_Your task_
Starting at the top line, return each entry word for word.

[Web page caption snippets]

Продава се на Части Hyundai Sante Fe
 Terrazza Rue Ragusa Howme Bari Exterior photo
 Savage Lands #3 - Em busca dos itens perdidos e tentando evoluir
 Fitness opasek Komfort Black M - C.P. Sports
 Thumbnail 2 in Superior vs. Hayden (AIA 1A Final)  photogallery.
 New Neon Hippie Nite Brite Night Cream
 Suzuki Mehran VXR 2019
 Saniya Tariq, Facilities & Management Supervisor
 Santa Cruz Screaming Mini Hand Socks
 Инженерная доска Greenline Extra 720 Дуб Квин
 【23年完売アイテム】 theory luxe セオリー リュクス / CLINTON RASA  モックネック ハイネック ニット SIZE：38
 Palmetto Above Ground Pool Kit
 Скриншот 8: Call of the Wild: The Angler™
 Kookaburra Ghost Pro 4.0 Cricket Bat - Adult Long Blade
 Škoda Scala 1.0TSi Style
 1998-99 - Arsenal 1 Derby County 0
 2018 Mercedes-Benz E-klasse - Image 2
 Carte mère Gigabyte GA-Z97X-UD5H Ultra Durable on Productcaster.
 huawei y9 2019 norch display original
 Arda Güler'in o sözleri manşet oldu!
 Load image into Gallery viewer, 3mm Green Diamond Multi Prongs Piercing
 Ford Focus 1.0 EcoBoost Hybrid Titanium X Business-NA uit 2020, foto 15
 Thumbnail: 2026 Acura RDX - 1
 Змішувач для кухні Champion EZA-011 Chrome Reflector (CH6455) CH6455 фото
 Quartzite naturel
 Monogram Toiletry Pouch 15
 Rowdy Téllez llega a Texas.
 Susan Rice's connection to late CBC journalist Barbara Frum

_Worked solution_
Продава се на Части Hyundai Sante Fe
 Terrazza Rue Ragusa Howme Bari Exterior photo
 Savage Lands #3 - Em busca dos itens perdidos e tentando evoluir
 Fitness opasek Komfort Black M - C.P. Sports
 Thumbnail 2 in Superior vs. Hayden (AIA 1A Final)  photogallery.
 New Neon Hippie Nite Brite Night Cream
 Suzuki Mehran VXR 2019
 Saniya Tariq, Facilities & Management Supervisor
 Santa Cruz Screaming Mini Hand Socks
 Инженерная доска Greenline Extra 720 Дуб Квин
 【23年完売アイテム】 theory luxe セオリー リュクス / CLINTON RASA  モックネック ハイネック ニット SIZE：38
 Palmetto Above Ground Pool Kit
 Скриншот 8: Call of the Wild: The Angler™
 Kookaburra Ghost Pro 4.0 Cricket Bat - Adult Long Blade
 Škoda Scala 1.0TSi Style
 1998-99 - Arsenal 1 Derby County 0
 2018 Mercedes-Benz E-klasse - Image 2
 Carte mère Gigabyte GA-Z97X-UD5H Ultra Durable on Productcaster.
 huawei y9 2019 norch display original
 Arda Güler'in o sözleri manşet oldu!
 Load image into Gallery viewer, 3mm Green Diamond Multi Prongs Piercing
 Ford Focus 1.0 EcoBoost Hybrid Titanium X Business-NA uit 2020, foto 15
 Thumbnail: 2026 Acura RDX - 1
 Змішувач для кухні Champion EZA-011 Chrome Reflector (CH6455) CH6455 фото
 Quartzite naturel
 Monogram Toiletry Pouch 15
 Rowdy Téllez llega a Texas.
 Susan Rice's connection to late CBC journalist Barbara Frum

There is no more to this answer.